El estado y la iglesia sellan la cuenta pendiente con las víctimas de abusos
Este lunes a las 11:00, en la sede del Defensor del Pueblo, un papelito de tres páginas pondrá precio al silencio. Firmarán el ministro de la Presidencia, Félix Bolaños; el presidente de la Conferencia Episcopal, Luis Argüello; el jefe de los religiosos, Jesús Díaz Sariego, y Ángel Gabilondo. Entre los cuatro, cerrarán el primer sistema de reparación económica para las víctimas de abusos sexuales dentro de la Iglesia en España. La cifra habla por sí sola: nadie la ha desvelado.
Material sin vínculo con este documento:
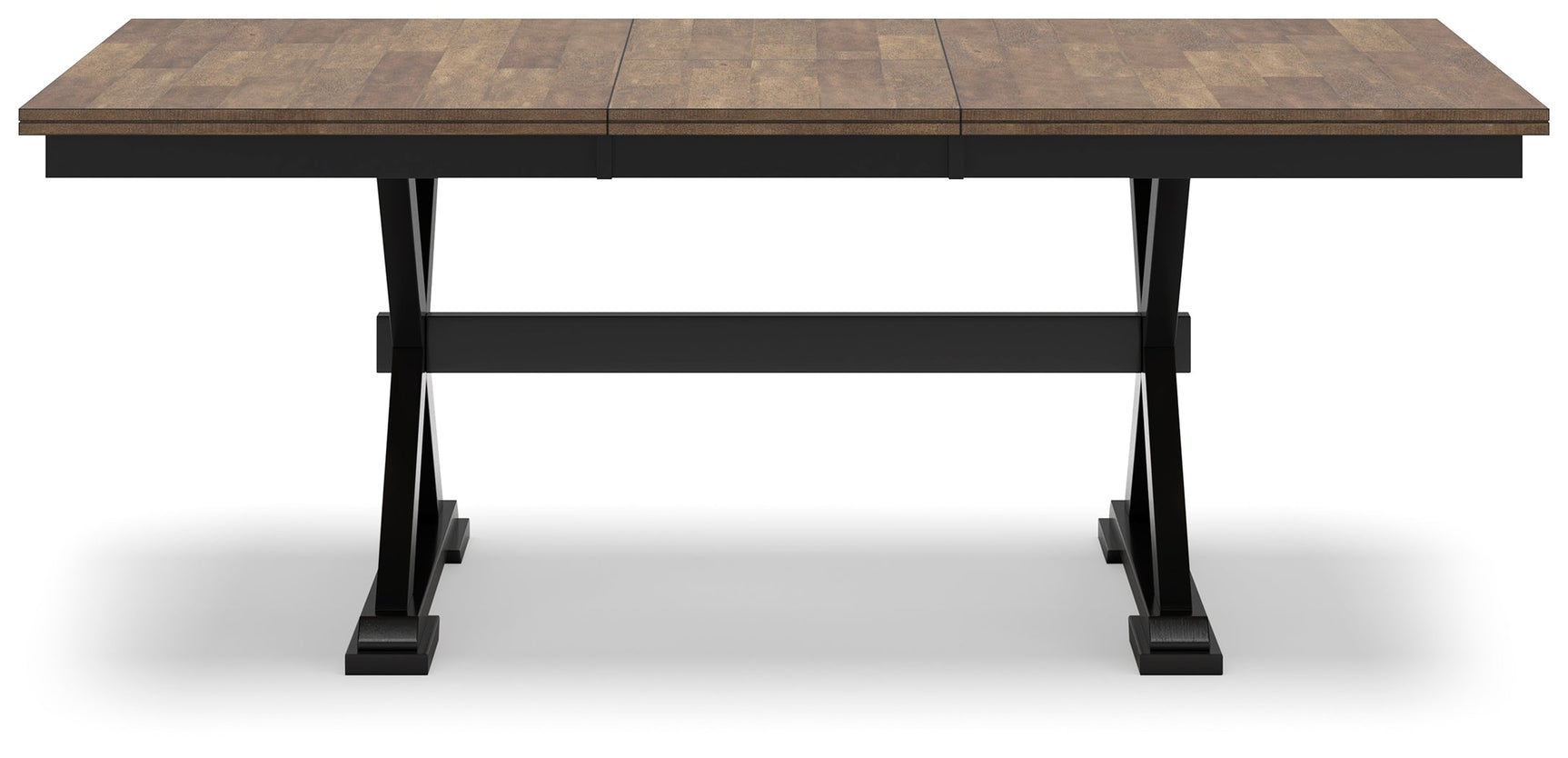 Wildenauer table back view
El protocolo que llega 20 años tarde
La idea no es nueva. En 2022, la propia Conferencia Episcopal reconoció 1.036 casos de abusos desde 1940. La comisión independiente que presidió el jurista César García Magán habló de «una catástrofe institucional» y recomendó un fondo de indemnización. Dos años después, el Gobierno ha cedido a la presión de las víctimas y de Bruselas —que ya amenaza con abrir expediente por vulnerar la directiva europea de protección a menores—. El acuerdo obligará a la Iglesia a pagar, pero no a pedir perdón en nombre propio. Cada diócesis abrirá su caja y, paralelamente, el Estado blindará la partida para evitar que el dinero público termine rescatando a la institución. Es la cuña que faltaba: la Administración pone la cartera, la Iglesia pone la cara y el Vaticano, de momento, mira desde la lejanía de los protocolos internos.
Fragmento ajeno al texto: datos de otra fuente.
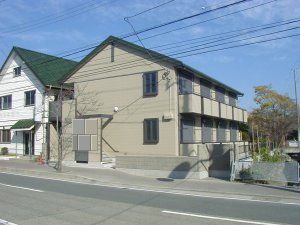 マインハイム 101号-1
La logística es tan sencilla como opaca. Las víctimas deberán acreditar la denuncia ante la comisión diocesana correspondiente —o ante un juzgado— y aceptar la cuantía que proponga una mesa técnica sin apelación. El silencio, en este caso, no se comprará: quien firme podrá seguir hablando. Pero hay un detalle: el expediente quedará bajo secreto de sumario para evitar la «instrumentalización mediática», según fuentes episcopales. Traducción: los nombres de los curas no aparecerán en los actos de la firma ni en los futuros informes anuales. La transparencia, aquí, se mide en euros, no en culpas.
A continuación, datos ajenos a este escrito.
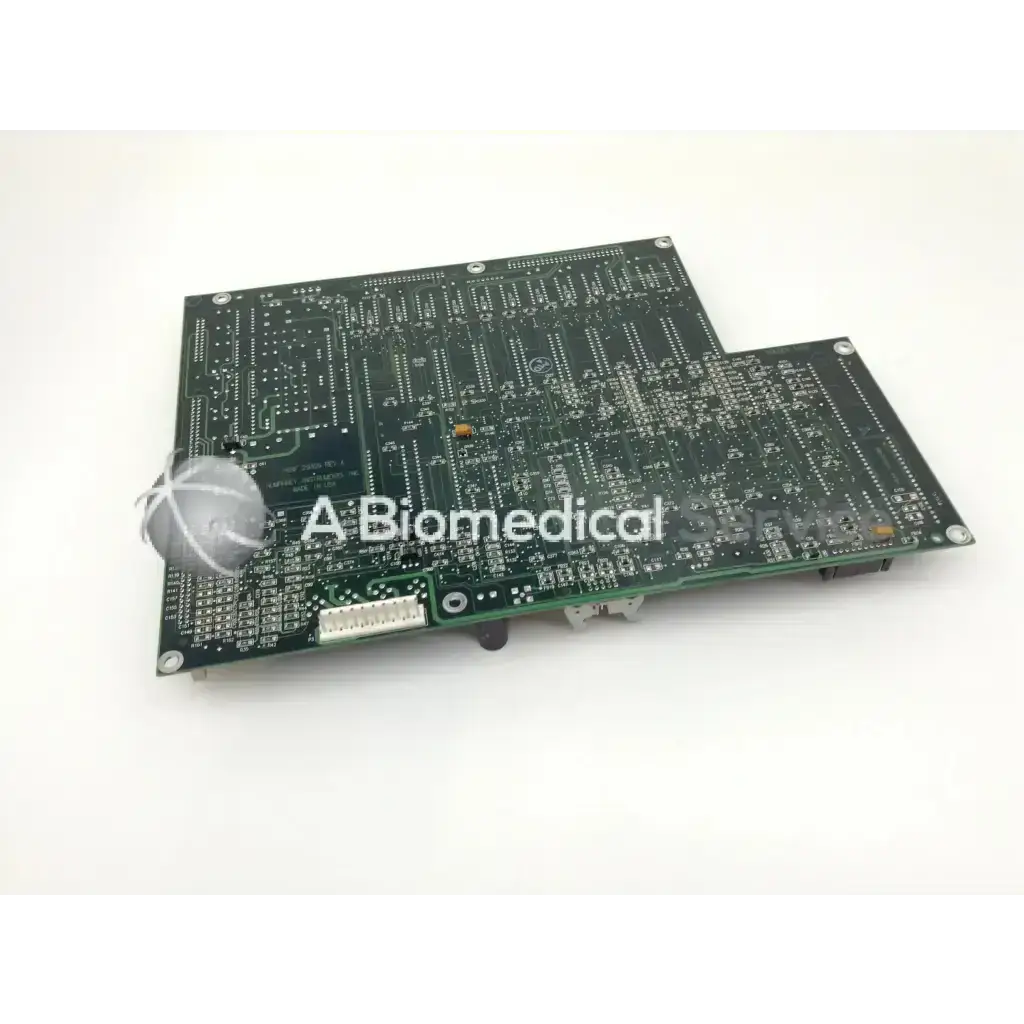 Humphrey Instrument PCBF 29360 REV A 5-1 Board - Medical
El precedente inmediato es la ponencia de reparación abierta en Francia, donde la Iglesia gala desembolsó 55 millones para 7.000 víctimas. En España no hay estimación oficial, pero los expertos hablan de entre 3.000 y 5.000 casos potenciales. Hacer la media francesa —7.800 euros por víctima— situaría el coste total en torno a los 30 millones. El ministerio de la Presidencia asegura que «no hay techo presupuestario»; la Conferencia Episcopal, que «cada diócesis aportará según su capacidad». El tiempo dirá si eso incluye la venta de inmuebles o la tan traída y llevada «solidaridad entre hermanos».
La firma del lunes no cierra el círculo; solo lo empieza a dibujar. Quedan fuera las órdenes religiosas —que gestionan centenares de colegios— y la cuestión de las pensiones vitalicias para quienes perdieron la salud mental o laboral tras los abusos. Tampoco se toca el delito de omisión de denuncia que protege aún al clero. La reparación, pues, es parcial. Pero por primera vez un documento oficial pone la firma de la Administración y la cruz en la misma página. La deuda sigue viva; al menos, ya tiene vencimiento.